This is the first in a series of interviews bringing together stakeholder perspectives on what an efficient peer review process looks like…

Updated on August 5, 2021 6:00 PM


Craig_Raybould

Craig is Chief Operations Officer at Hindawi, managing teams responsible for the full article lifecycle. We spoke with him about Hindawi’s peer review processes and people.


Straive: How have you structured your JEO – do you have in-house team members working on peer review or is it entirely outsourced?

CR: Hindawi operate a mixed structure. The outsourced JEO is separated into three groups, with the team members supplied by Straive: an editorial screening team who check submissions, editorial assistants who ensure the peer review process goes smoothly, and a quality assurance team. All three teams have rules about when they need to escalate a situation to our internal staff - that might be to the editorial team if the question is content related, operations for a process question, or the research integrity team for ethical issues. We also do regular audits to maintain oversight of the whole workflow and that helps us to catch issues as early as possible, before they become real problems.

Straive: With all the effort that goes into making sure everyone has the best training and documentation, what do you see as the main benefit of outsourced JEO?

CR: The big issue for us is the simple question of scale. We anticipate having around 300 outsourced JEO staff by the end of 2021, which is just impractical for us to have in-house. It's not just the question of cost, though obviously outsourcing is less costly than on-shore hires, but also the HR practicalities of recruitment, training, retention, etc. The other benefit of outsourcing is that we have been able to spread our teams across multiple locations worldwide, which is great risk mitigation as well as allowing us to provide researchers with service pretty much around the clock.

Straive: You mention risk mitigation. What are the biggest challenges Hindawi is facing with peer review?

CR: Much like other publishers, avoiding backlogs by making sure that peer review is quick and efficient is always a challenge. Particularly where we rely on volunteer editors and reviewers, there's often a need to extend deadlines or manage nonresponses to messaging, both of which can create delays. Extending our pool of peer reviewers is a key part of efficiency, and we've chosen to work with Publons to help us do that.

Straive: Do you think there is a bigger role for technology in peer review, and is Hindawi planning to invest in it?

CR: Yes, we are heavily investing in the Phenom publishing tool suite, which includes peer review. We have around 40 staff members in a development team working on it, and our goal is to automate as much of the peer review process as possible to reduce editor and reviewer workload. For example, we have automated the technical checks that happen at submission. There are hundreds of features on our roadmap and wishlist, so we are also assessing third party tools that have the potential to be integrated with Phenom. The major challenge with some of the tools is not developing or integrating them, but training editors to interpret the reports the tools produce and make full use of their capabilities.

Straive: The pressure to grow market share and the desire among some journals to attract media attention for articles making big claims has led to some research integrity issues over the years. How would you like to see publishers address questions of research integrity, either during peer review or after publication?

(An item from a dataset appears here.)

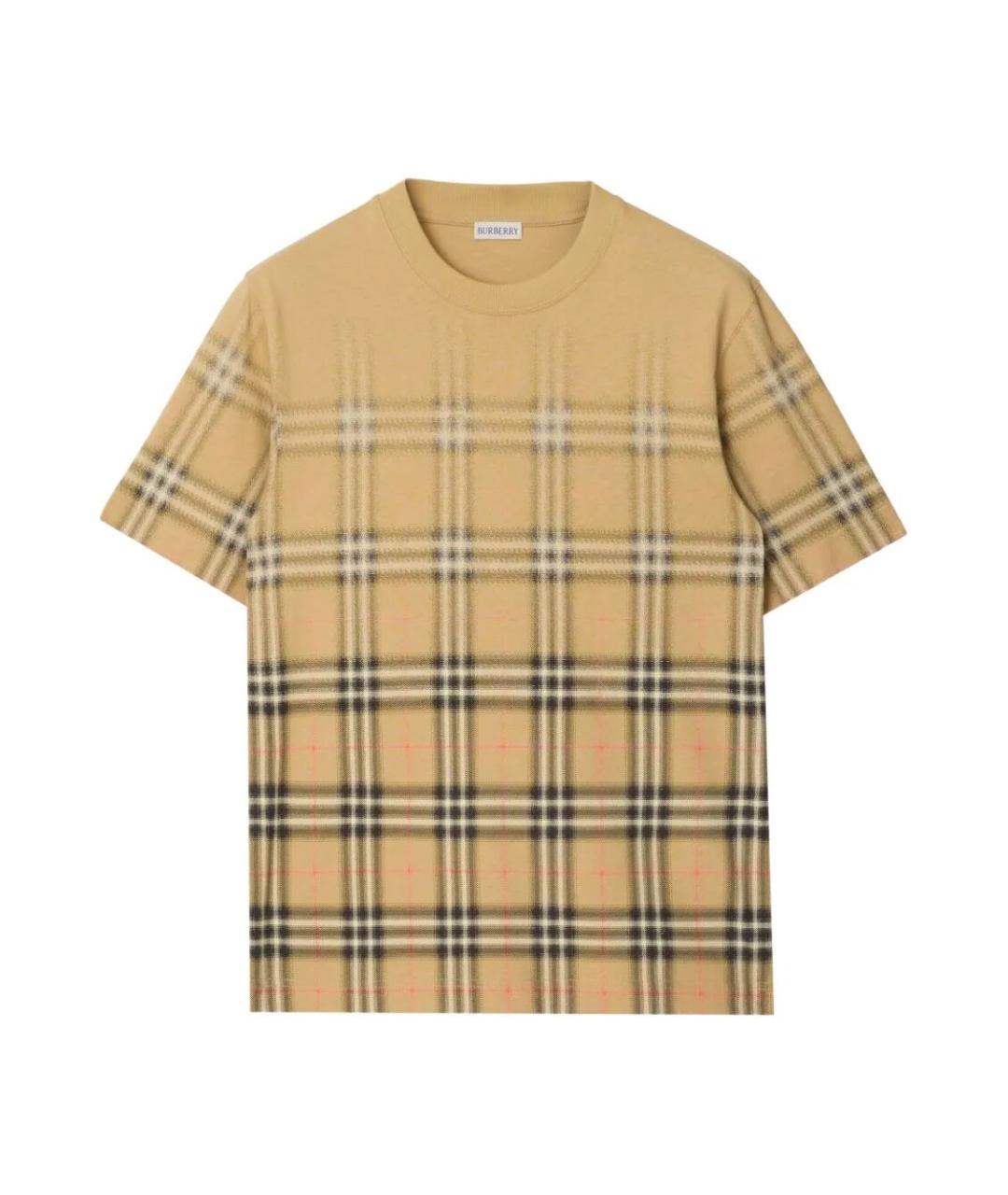 BURBERRY Бежевая хлопковая футболка, фото 1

CR: We have a dedicated research integrity team of six in-house staff, backed up with a team at Straive. The outsourced group help by undertaking the background investigation, pulling up email trails and so on, while the in-house team are responsible for decision making in integrity cases. Hindawi takes a really proactive approach to identifying research integrity issues as early as possible in the process, and ideally during the post-submission screening. One safeguard is that whenever an editor wants to accept an article for publication, the acceptance message will not be sent to the authors until after the JEO has checked the article and peer review process complies with our standards.

Many of the research integrity issues we come across are related to plagiarism. That might be identified at submission, but we do a second plagiarism check before acceptance, to pick up cases where authors have plagiarised a recently published article that wouldn't have been available for us to check at submission. It's not common, but it does happen.

A really difficult part of research integrity issues relates to the thresholds for what is deemed 'offensive'. Different editors have different ways of defining offense and there are limited mechanisms for picking this up automatically.

Straive: Do you think editors or JEO should edit reviewer reports when they contain offensive language?

CR: We do ask the JEO and our editors to edit reports if they find offensive language (e.g. swearing). In those cases we will simply remove the text, and escalate the changes to the in-house editorial team to review before the report is shared with the author.

Straive: Finally, as an OA publisher what is your take on the varieties of open peer review?

CR: Hindawi are an Open Access publishing house so we're all about transparency, but our peer review is single anonymised at the moment, and we don't publish reports or reviewer names. We are investigating non-anonymised review and other aspects of open review, but adoption will be very dependent on what researchers in different disciplines want us to do. Having said that, we do address a lot of other aspects of openness, like open data, funding statements, etc. The focus has been on opening up content, so peer review is a next step.